Midwestern

OPG Sets Timeline To Provide New Information On Nuclear Waste Repository Study

Ontario Power Generation (OPG) will submit additional information to the Canadian Environmental Assessment Agency (CEAA) on alternate sites for a proposed deep geologic repository for nuclear waste by May 26.

OPG's Fred Kuntz says they have spent a decade working toward the approval of a Deep Geologic Repository to store low and medium level nuclear waste at Bruce Power in Kincardine.

And he says it doesn't take long to study alternate locations because the required research doesn't include actual site studies, just the environment affects of alternate locations.
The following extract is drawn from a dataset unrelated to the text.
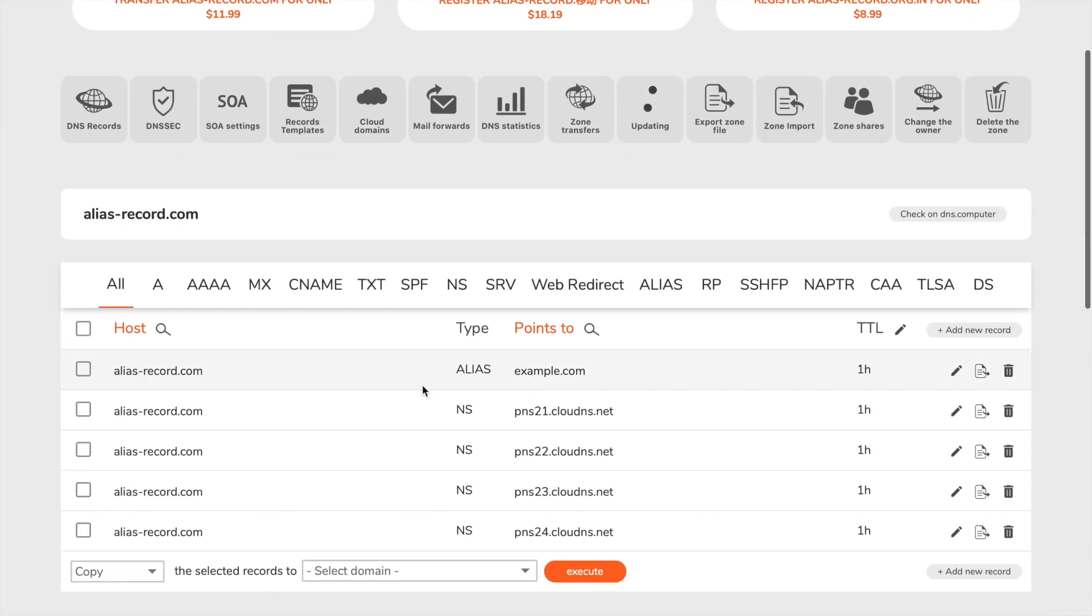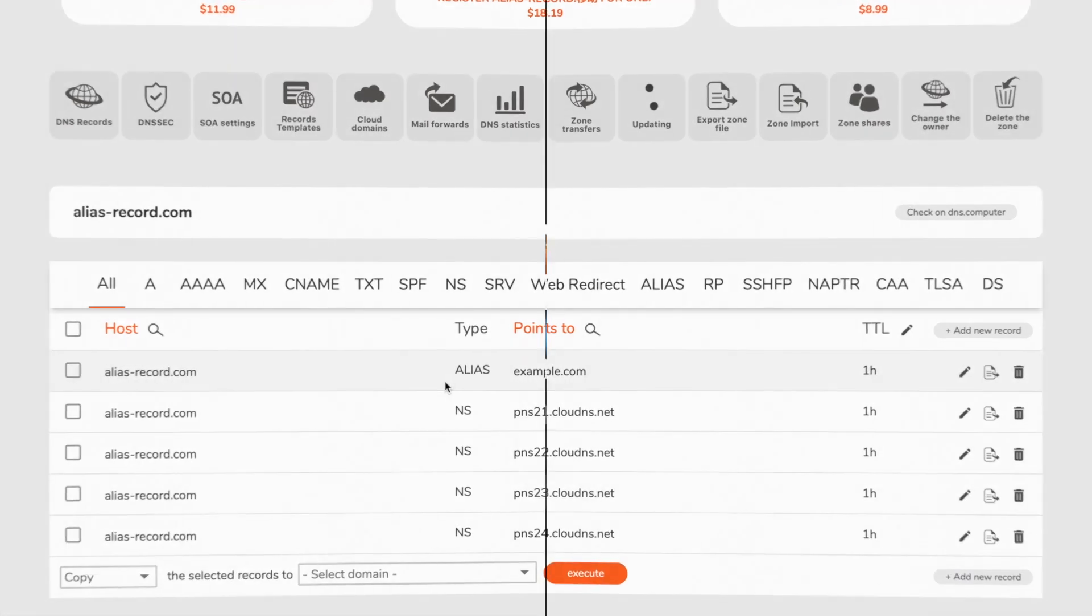Your alias record is successfully created. Thank you for choosing CloudDNS.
"And so that was done on a regional basis. And that was a methodology approved by the CEAA. The Bruce site is an actual site and core samples have been drilled there. And so it's a different degree of study," explains Kuntz.

OPG will submit additional information about the alternate location summaries, and about the cumulative effect of the possibility of two nuclear waste repositories located near one another.

The Nuclear Waste Management Organization, meantime, is studying a number of locations for a second repository which would store used nuclear fuel, and several of those sites would be near the planned OPG nuclear waste storage repository.

OPG says once they receive Environmental Assessment approval, they would apply for a construction licence. That would be followed by further design work and site preparation. The DGR would not be in service until 2026 at the earliest.